Gerade das Danke-Lied (EG 334) eignet sich ideal, um rein zur Übung jede Strophe einen Halbtonschritt höher zu transponieren. So kommt man durch wenigstens 6 Tonarten hindurch, da das Lied ja insgesamt 6 Strophen hat. Beginnend in G-Dur, so wie es gesetzt ist, landet man dann über As-Dur, A-Dur, B-Dur, H-Dur schließlich in C-Dur. Dann probieren Sie das Ganze mal analog in moll … es geht wie gesagt nur um die Vertiefung der Harmonielehre und deren praktische Umsetzung im transitiven Umdenken.
Tonbeispiele dazu werden folgen.
Natürlich ist es nicht einfach egal, in welcher Tonart eine Melodie oder ein ganzes Musikstück erklingt. Auch die jeweilige Instrumentenstimmung hat einen bestimmten Einfluß auf das Hörvergnügen. Außerdem hängt es auch noch rein technisch davon ab, wie groß der Melodieumfang ist, damit man nach unten wie nach oben zu den Extremwerten hin man die Melodie gesanglich noch gut umsetzen kann, ohne auf die Stimme drücken zu müssen.
Wenn J.S. Bach in seiner Matthäuspassion z.B. den Choral „O Haupt voll Blut und Wunden“ („Wenn ich einmal soll scheiden“) in verschiedenen Tonarten erklingen ließ und auch die Harmonisierung entsprechend passend dazu gesetzt hatte, so war das natürlich kein Zufall.
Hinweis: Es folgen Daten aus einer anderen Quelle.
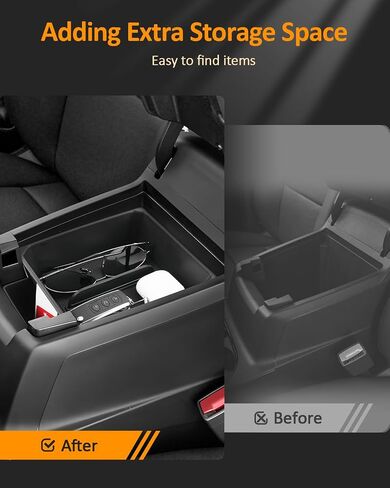 طبقة مزدوجة CDEFG لسيارة Chevy Colorado/GMC Canyon 2023 2024 2025 2026 علبة تنظيم وحدة التحكم المركزية كولورادو/ملحقات كانيون، مسند ذراع تخزين وحدة التحكم الوسطى in Saudi Arabia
Die beschaulichen Haltepunkte in dem Drama des Passionsgeschehens Christi, was jeweils durch die Choräle bewirkt werden soll, wird durch die spezifische Tonart auf eine ganz bestimmte Betrachtungsweise zum Geschehen und Seelenresonanz hin ermöglicht. Das ist allerhöchste kompositorische Kunst. Es lohnt sich, wenn man sich mit dieser Thematik einmal näher befaßt.
Testen Sie es selbst an einem Klavier oder anderen Instrument, wenn Sie ein Lied oder einen Choral mal in verschiedenen Tonlagen spielen und versuchen Sie, bewußt und konzentriert zu erspüren, was die seelische Empfindung dabei jeweils ist. Ein Parallelverweis auf die Geometrie, etwa zum Goldenen Schnitt, ist durchaus angemessen … wie alles in bestimmter kosmischer Ordnung und Harmonie miteinander verwoben ist und zusammenhängt. So erst recht auch in den musischen Schwingungen.